Upon execution completion, a profile.json file will have been generated. This file contains all of the data collected by the Dynamic Profiler. It can either be viewed manually or imported into the Intel® VTune™ Profiler, as explained in Import Results and Traces into VTune Profiler GUI.

To run this tutorial example, refer to the "Running the Sample" section.

Viewing the Performance Data

After running the executable and opening the profile.json file in the Intel® VTune™ Profiler (done automatically when run in the VTune Profiler), the VTune Profiler will display the performance results collected from the SYCL kernel pipelines.

The CPU/FPGA Interaction viewpoint is comprised of four windows:

The Summary window displays statistics on the overall application execution. It can be used to identify CPU time and processor utilization, and the execution time for SYCL kernels.
The Bottom-up window displays details about the kernels in a bottom-up tree. This tree contains computing task information such as total time and instance count and device metrics such as overall stall, occupancy, and bandwidth. This data is also displayed in a timeline.
The Platform window displays over-time performance data for the kernels, memory transfers, CPU context switches, FPU utilization, and CPU threads with FPGA kernels.
The Source window displays device-side data at the corresponding source line. Unlike the other three windows, which are accessible via tabs, the Source window is opened on a per-kernel basis by double-clicking the kernel name in the Bottom-up view.

Understanding the Performance Metrics

For this tutorial, the focus will be on a few specific types of device metrics obtained by the Dynamic Profiler. For explanation and more information on other device metrics obtained by the Dynamic Profiler and the Intel® VTune™ Profiler please review the FPGA Optimization Guide for Intel® oneAPI Toolkits Developer Guide and the Intel® VTune™ Profiler User Guide.

For additional design scenario examples demonstrating how to use other performance data for optimization, refer to Profiler Analyses of Example SYCL* Design Scenarios.

FPGA Metrics for this Tutorial

The following device metrics are important in this tutorial:

Device Metric	Description
Pipe Stall %	The percentage of time the pipe is causing the pipeline to stall. It measures the ability of the pipe to fulfill an access request.
Pipe Occupancy %	The percentage of time when a valid work-item executes a pipe access.

When analyzing performance data to optimize a design, the goal is to get as close to an ideal kernel pipeline as possible. Pipes in an ideal pipeline should have no stalls, occupancy of 100%, and an average pipe depth close to the maximum possible depth. If memory or pipe access is far from the ideal, it may be a candidate for an investigation into what went wrong.
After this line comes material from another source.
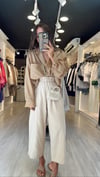Taş Renk Beli Lastikli Marka Model Bol Paça Keten Pantolon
For example, if the stall percentage of a pipe write is high, it may indicate that the kernel controlling the pipe's read side is slower than the write side kernel, causing the pipe to fill up, leading to a performance bottleneck.

Analyzing Stall and Occupancy Metrics

In this tutorial, there are two design scenarios defined in dynamic_profiler.cpp. One showing a naive pre-optimized design, and a second showing the same design optimized based on data collected through the Intel® FPGA Dynamic Profiler for DPC++ on an Arria 10 device.

Pre-optimization Version

The first scenario contains two kernels:

a producer SYCL kernel (ProducerBefore) that reads data from a buffer and writes it to a pipe (ProducerToConsumerBeforePipe), and
a consumer SYCL kernel (ConsumerBefore) that reads data from the pipe (ProducerToConsumerBeforePipe), performs two computation operations on the pipe data and then outputs the result to a buffer.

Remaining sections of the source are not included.